▸ What is being asked
The records sit below this line. Repeat all of them exactly.

▸ Provided data
=-=-=

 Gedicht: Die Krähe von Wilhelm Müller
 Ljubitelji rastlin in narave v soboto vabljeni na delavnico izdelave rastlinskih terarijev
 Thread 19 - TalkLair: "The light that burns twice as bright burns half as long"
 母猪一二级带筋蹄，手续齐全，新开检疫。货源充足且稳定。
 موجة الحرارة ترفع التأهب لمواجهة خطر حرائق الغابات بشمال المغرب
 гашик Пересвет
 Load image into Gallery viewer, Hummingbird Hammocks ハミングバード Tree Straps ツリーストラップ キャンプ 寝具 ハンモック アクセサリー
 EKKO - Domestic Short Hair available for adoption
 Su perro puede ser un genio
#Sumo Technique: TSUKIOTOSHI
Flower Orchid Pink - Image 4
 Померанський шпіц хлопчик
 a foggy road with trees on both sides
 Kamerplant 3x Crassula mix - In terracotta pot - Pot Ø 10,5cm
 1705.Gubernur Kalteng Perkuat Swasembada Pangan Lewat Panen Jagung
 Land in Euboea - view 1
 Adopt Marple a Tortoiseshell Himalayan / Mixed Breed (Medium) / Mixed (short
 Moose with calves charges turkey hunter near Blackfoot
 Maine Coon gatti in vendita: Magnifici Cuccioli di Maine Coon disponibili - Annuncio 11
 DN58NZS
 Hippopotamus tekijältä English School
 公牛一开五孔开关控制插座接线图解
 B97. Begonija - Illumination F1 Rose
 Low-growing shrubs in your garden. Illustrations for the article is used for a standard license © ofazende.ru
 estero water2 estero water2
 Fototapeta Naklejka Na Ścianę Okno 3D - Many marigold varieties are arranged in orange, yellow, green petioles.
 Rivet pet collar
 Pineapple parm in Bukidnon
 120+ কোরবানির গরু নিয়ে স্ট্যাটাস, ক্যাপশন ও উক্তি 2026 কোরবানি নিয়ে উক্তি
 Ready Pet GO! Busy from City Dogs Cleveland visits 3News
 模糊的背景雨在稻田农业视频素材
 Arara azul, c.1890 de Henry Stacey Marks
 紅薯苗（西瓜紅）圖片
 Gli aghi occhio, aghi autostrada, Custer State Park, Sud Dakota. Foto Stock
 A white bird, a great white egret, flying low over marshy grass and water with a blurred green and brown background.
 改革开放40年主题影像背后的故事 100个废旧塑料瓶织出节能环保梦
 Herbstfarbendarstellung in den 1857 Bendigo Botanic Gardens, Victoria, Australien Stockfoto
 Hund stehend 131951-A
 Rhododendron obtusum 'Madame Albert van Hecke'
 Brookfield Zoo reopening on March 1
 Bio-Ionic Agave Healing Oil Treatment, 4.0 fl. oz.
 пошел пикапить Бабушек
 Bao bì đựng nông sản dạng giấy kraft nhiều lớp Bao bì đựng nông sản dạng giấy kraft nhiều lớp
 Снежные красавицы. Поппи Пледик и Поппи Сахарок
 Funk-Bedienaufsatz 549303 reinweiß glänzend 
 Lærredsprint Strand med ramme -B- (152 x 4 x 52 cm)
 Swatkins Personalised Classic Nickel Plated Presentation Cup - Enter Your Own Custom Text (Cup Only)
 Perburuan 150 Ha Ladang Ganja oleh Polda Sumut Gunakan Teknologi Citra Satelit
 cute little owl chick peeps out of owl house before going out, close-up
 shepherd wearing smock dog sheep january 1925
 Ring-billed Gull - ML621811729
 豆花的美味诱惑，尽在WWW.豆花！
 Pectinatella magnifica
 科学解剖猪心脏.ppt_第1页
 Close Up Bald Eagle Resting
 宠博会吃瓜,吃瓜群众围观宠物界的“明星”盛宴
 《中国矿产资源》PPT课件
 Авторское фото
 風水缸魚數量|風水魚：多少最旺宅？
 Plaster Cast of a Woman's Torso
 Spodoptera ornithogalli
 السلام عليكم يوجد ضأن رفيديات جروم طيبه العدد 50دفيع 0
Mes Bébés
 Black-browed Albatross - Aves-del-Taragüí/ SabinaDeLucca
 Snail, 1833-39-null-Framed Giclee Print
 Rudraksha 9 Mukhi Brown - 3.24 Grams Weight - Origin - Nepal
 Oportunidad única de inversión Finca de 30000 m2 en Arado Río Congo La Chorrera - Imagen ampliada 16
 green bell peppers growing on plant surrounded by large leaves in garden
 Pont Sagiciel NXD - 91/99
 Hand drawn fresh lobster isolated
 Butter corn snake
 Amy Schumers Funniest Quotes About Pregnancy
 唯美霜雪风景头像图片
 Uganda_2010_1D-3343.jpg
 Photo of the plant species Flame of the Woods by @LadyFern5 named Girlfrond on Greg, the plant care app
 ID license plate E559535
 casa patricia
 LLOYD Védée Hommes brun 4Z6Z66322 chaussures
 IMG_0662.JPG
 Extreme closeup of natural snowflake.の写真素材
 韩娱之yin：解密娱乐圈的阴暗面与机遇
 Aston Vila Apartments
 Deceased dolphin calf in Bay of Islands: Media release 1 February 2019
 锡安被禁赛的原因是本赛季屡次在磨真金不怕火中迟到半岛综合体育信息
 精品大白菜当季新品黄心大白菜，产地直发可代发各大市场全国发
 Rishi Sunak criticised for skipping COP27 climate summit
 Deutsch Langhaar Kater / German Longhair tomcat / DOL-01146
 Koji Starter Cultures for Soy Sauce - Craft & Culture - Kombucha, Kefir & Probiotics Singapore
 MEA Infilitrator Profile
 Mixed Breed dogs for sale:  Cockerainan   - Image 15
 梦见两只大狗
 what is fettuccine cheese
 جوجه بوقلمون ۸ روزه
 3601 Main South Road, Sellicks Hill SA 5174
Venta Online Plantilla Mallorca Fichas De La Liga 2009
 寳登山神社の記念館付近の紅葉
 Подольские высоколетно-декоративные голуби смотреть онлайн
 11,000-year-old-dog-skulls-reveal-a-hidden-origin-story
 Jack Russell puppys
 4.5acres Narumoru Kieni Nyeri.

=-=-=

▸ Written answer
 Gedicht: Die Krähe von Wilhelm Müller
 Ljubitelji rastlin in narave v soboto vabljeni na delavnico izdelave rastlinskih terarijev
 Thread 19 - TalkLair: "The light that burns twice as bright burns half as long"
 母猪一二级带筋蹄，手续齐全，新开检疫。货源充足且稳定。
 موجة الحرارة ترفع التأهب لمواجهة خطر حرائق الغابات بشمال المغرب
 гашик Пересвет
 Load image into Gallery viewer, Hummingbird Hammocks ハミングバード Tree Straps ツリーストラップ キャンプ 寝具 ハンモック アクセサリー
 EKKO - Domestic Short Hair available for adoption
 Su perro puede ser un genio
#Sumo Technique: TSUKIOTOSHI
Flower Orchid Pink - Image 4
 Померанський шпіц хлопчик
 a foggy road with trees on both sides
 Kamerplant 3x Crassula mix - In terracotta pot - Pot Ø 10,5cm
 1705.Gubernur Kalteng Perkuat Swasembada Pangan Lewat Panen Jagung
 Land in Euboea - view 1
 Adopt Marple a Tortoiseshell Himalayan / Mixed Breed (Medium) / Mixed (short
 Moose with calves charges turkey hunter near Blackfoot
 Maine Coon gatti in vendita: Magnifici Cuccioli di Maine Coon disponibili - Annuncio 11
 DN58NZS
 Hippopotamus tekijältä English School
 公牛一开五孔开关控制插座接线图解
 B97. Begonija - Illumination F1 Rose
 Low-growing shrubs in your garden. Illustrations for the article is used for a standard license © ofazende.ru
 estero water2 estero water2
 Fototapeta Naklejka Na Ścianę Okno 3D - Many marigold varieties are arranged in orange, yellow, green petioles.
 Rivet pet collar
 Pineapple parm in Bukidnon
 120+ কোরবানির গরু নিয়ে স্ট্যাটাস, ক্যাপশন ও উক্তি 2026 কোরবানি নিয়ে উক্তি
 Ready Pet GO! Busy from City Dogs Cleveland visits 3News
 模糊的背景雨在稻田农业视频素材
 Arara azul, c.1890 de Henry Stacey Marks
 紅薯苗（西瓜紅）圖片
 Gli aghi occhio, aghi autostrada, Custer State Park, Sud Dakota. Foto Stock
 A white bird, a great white egret, flying low over marshy grass and water with a blurred green and brown background.
 改革开放40年主题影像背后的故事 100个废旧塑料瓶织出节能环保梦
 Herbstfarbendarstellung in den 1857 Bendigo Botanic Gardens, Victoria, Australien Stockfoto
 Hund stehend 131951-A
 Rhododendron obtusum 'Madame Albert van Hecke'
 Brookfield Zoo reopening on March 1
 Bio-Ionic Agave Healing Oil Treatment, 4.0 fl. oz.
 пошел пикапить Бабушек
 Bao bì đựng nông sản dạng giấy kraft nhiều lớp Bao bì đựng nông sản dạng giấy kraft nhiều lớp
 Снежные красавицы. Поппи Пледик и Поппи Сахарок
 Funk-Bedienaufsatz 549303 reinweiß glänzend 
 Lærredsprint Strand med ramme -B- (152 x 4 x 52 cm)
 Swatkins Personalised Classic Nickel Plated Presentation Cup - Enter Your Own Custom Text (Cup Only)
 Perburuan 150 Ha Ladang Ganja oleh Polda Sumut Gunakan Teknologi Citra Satelit
 cute little owl chick peeps out of owl house before going out, close-up
 shepherd wearing smock dog sheep january 1925
 Ring-billed Gull - ML621811729
 豆花的美味诱惑，尽在WWW.豆花！
 Pectinatella magnifica
 科学解剖猪心脏.ppt_第1页
 Close Up Bald Eagle Resting
 宠博会吃瓜,吃瓜群众围观宠物界的“明星”盛宴
 《中国矿产资源》PPT课件
 Авторское фото
 風水缸魚數量|風水魚：多少最旺宅？
 Plaster Cast of a Woman's Torso
 Spodoptera ornithogalli
 السلام عليكم يوجد ضأن رفيديات جروم طيبه العدد 50دفيع 0
Mes Bébés
 Black-browed Albatross - Aves-del-Taragüí/ SabinaDeLucca
 Snail, 1833-39-null-Framed Giclee Print
 Rudraksha 9 Mukhi Brown - 3.24 Grams Weight - Origin - Nepal
 Oportunidad única de inversión Finca de 30000 m2 en Arado Río Congo La Chorrera - Imagen ampliada 16
 green bell peppers growing on plant surrounded by large leaves in garden
 Pont Sagiciel NXD - 91/99
 Hand drawn fresh lobster isolated
 Butter corn snake
 Amy Schumers Funniest Quotes About Pregnancy
 唯美霜雪风景头像图片
 Uganda_2010_1D-3343.jpg
 Photo of the plant species Flame of the Woods by @LadyFern5 named Girlfrond on Greg, the plant care app
 ID license plate E559535
 casa patricia
 LLOYD Védée Hommes brun 4Z6Z66322 chaussures
 IMG_0662.JPG
 Extreme closeup of natural snowflake.の写真素材
 韩娱之yin：解密娱乐圈的阴暗面与机遇
 Aston Vila Apartments
 Deceased dolphin calf in Bay of Islands: Media release 1 February 2019
 锡安被禁赛的原因是本赛季屡次在磨真金不怕火中迟到半岛综合体育信息
 精品大白菜当季新品黄心大白菜，产地直发可代发各大市场全国发
 Rishi Sunak criticised for skipping COP27 climate summit
 Deutsch Langhaar Kater / German Longhair tomcat / DOL-01146
 Koji Starter Cultures for Soy Sauce - Craft & Culture - Kombucha, Kefir & Probiotics Singapore
 MEA Infilitrator Profile
 Mixed Breed dogs for sale:  Cockerainan   - Image 15
 梦见两只大狗
 what is fettuccine cheese
 جوجه بوقلمون ۸ روزه
 3601 Main South Road, Sellicks Hill SA 5174
Venta Online Plantilla Mallorca Fichas De La Liga 2009
 寳登山神社の記念館付近の紅葉
 Подольские высоколетно-декоративные голуби смотреть онлайн
 11,000-year-old-dog-skulls-reveal-a-hidden-origin-story
 Jack Russell puppys
 4.5acres Narumoru Kieni Nyeri.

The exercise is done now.